• **Work instruction**: Write the data below out exactly as it stands. Do not include the pictures.

Caption-style text data

════════════════

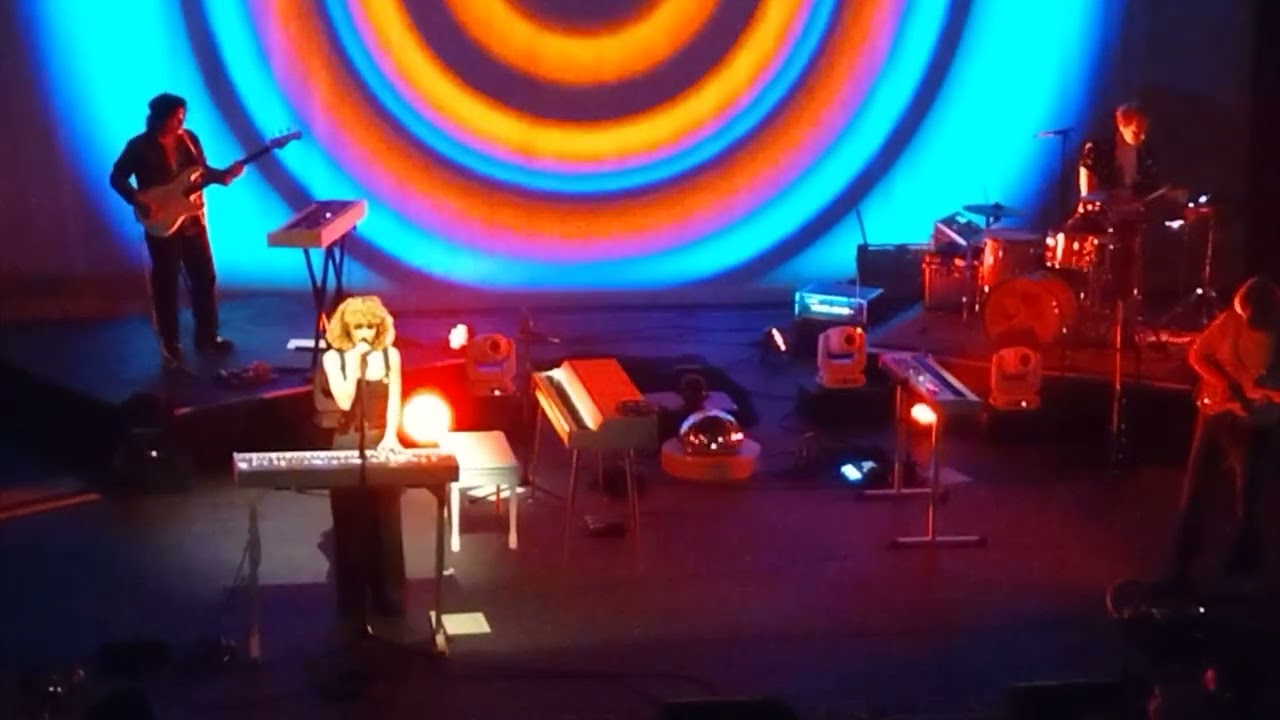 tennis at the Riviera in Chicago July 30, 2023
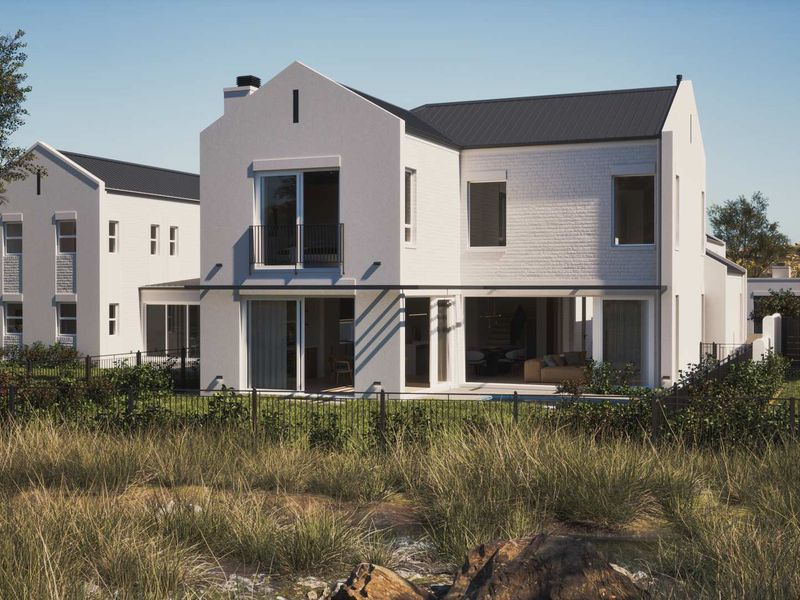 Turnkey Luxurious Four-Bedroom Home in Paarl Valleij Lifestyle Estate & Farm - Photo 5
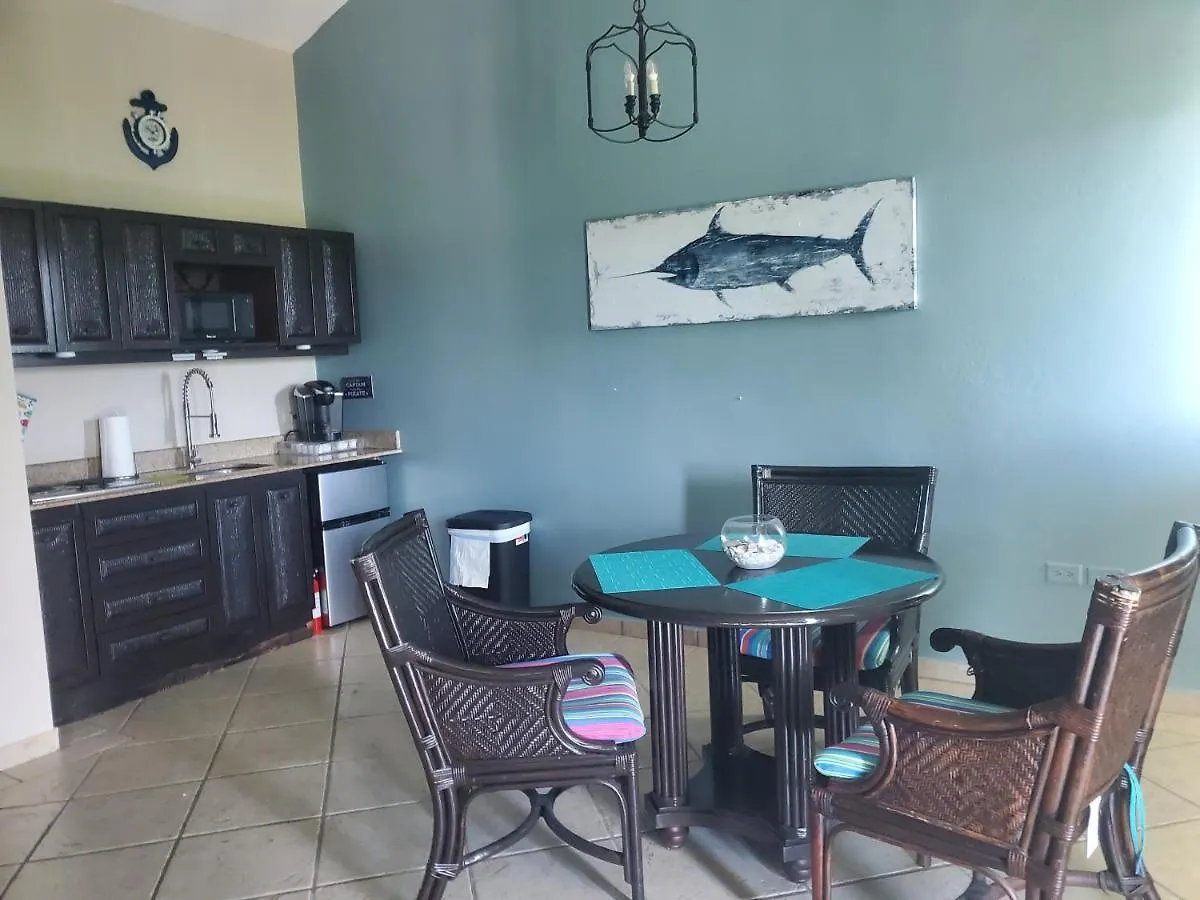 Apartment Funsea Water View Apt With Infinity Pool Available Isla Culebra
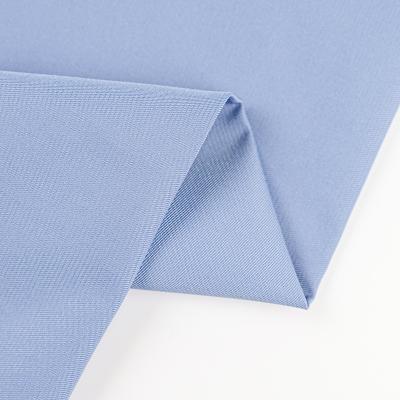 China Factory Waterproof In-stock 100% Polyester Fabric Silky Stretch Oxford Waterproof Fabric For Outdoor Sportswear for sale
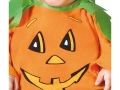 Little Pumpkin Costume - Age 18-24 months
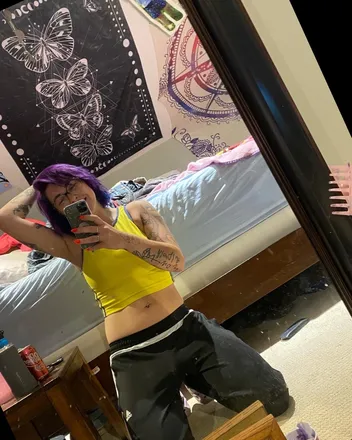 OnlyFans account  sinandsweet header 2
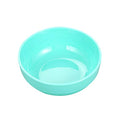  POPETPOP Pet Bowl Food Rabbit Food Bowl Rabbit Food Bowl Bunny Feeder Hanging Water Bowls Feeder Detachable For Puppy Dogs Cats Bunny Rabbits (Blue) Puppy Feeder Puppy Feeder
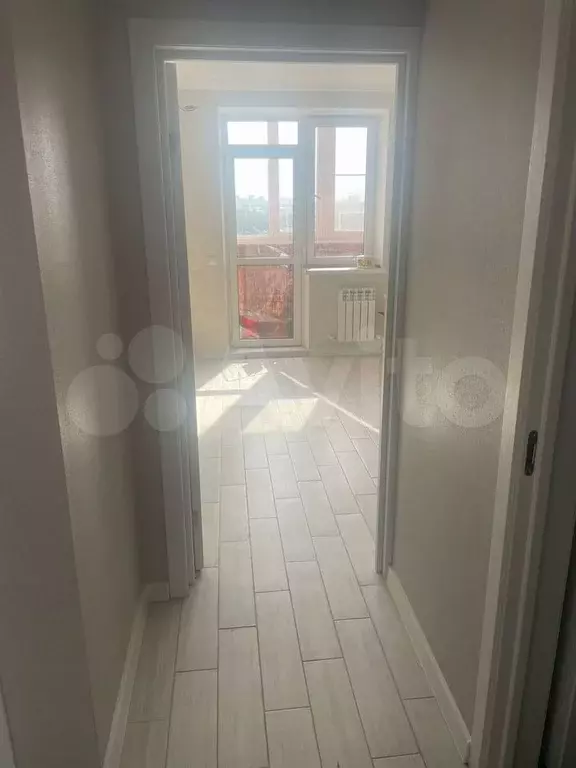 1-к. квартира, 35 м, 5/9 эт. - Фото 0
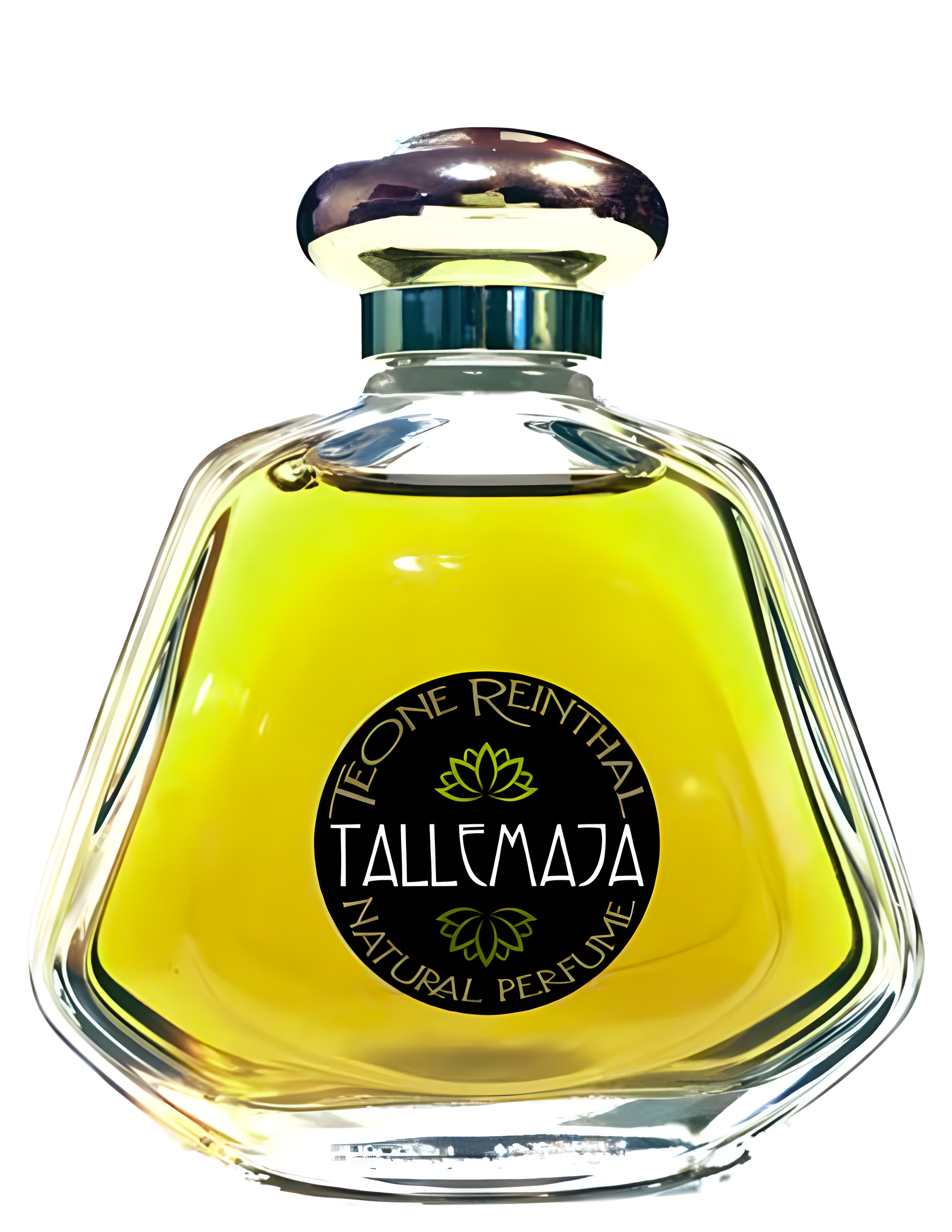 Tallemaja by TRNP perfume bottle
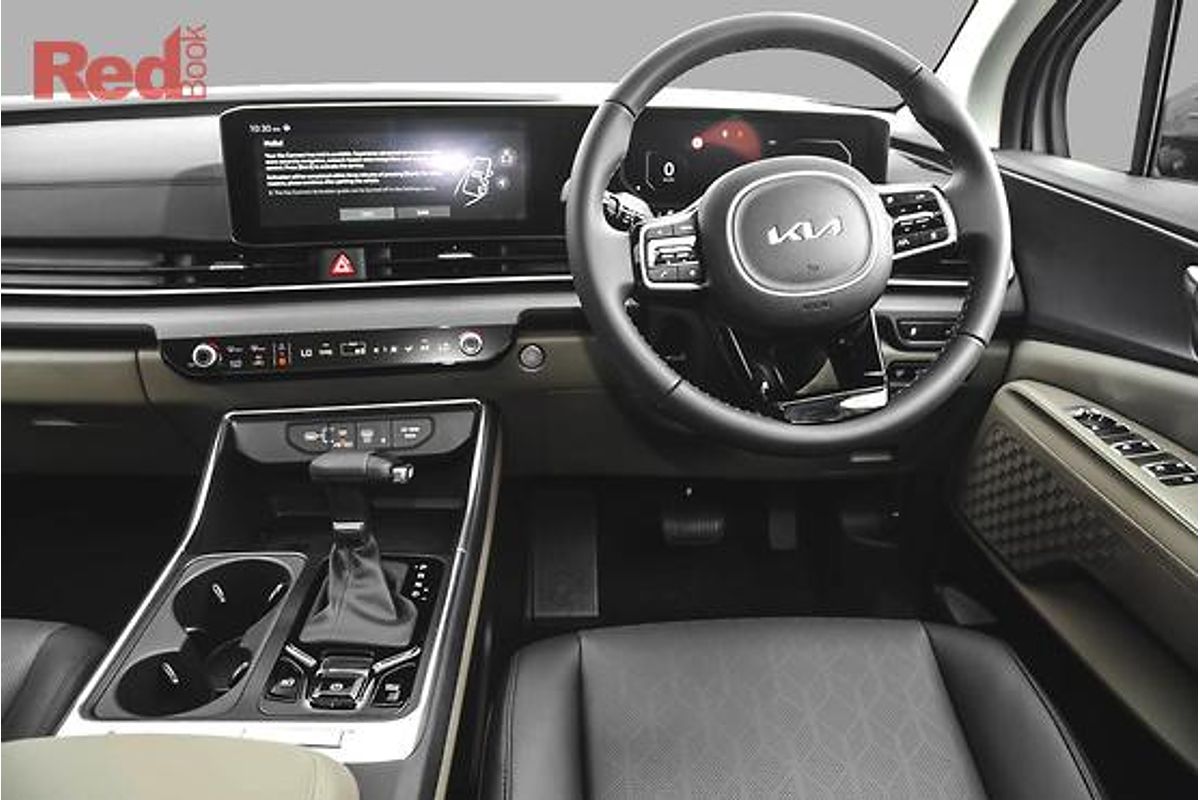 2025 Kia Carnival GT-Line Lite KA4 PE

════════════════

• **Completed exercise**:
 tennis at the Riviera in Chicago July 30, 2023
 Turnkey Luxurious Four-Bedroom Home in Paarl Valleij Lifestyle Estate & Farm - Photo 5
 Apartment Funsea Water View Apt With Infinity Pool Available Isla Culebra
 China Factory Waterproof In-stock 100% Polyester Fabric Silky Stretch Oxford Waterproof Fabric For Outdoor Sportswear for sale
 Little Pumpkin Costume - Age 18-24 months
 OnlyFans account  sinandsweet header 2
  POPETPOP Pet Bowl Food Rabbit Food Bowl Rabbit Food Bowl Bunny Feeder Hanging Water Bowls Feeder Detachable For Puppy Dogs Cats Bunny Rabbits (Blue) Puppy Feeder Puppy Feeder
 1-к. квартира, 35 м, 5/9 эт. - Фото 0
 Tallemaja by TRNP perfume bottle
 2025 Kia Carnival GT-Line Lite KA4 PE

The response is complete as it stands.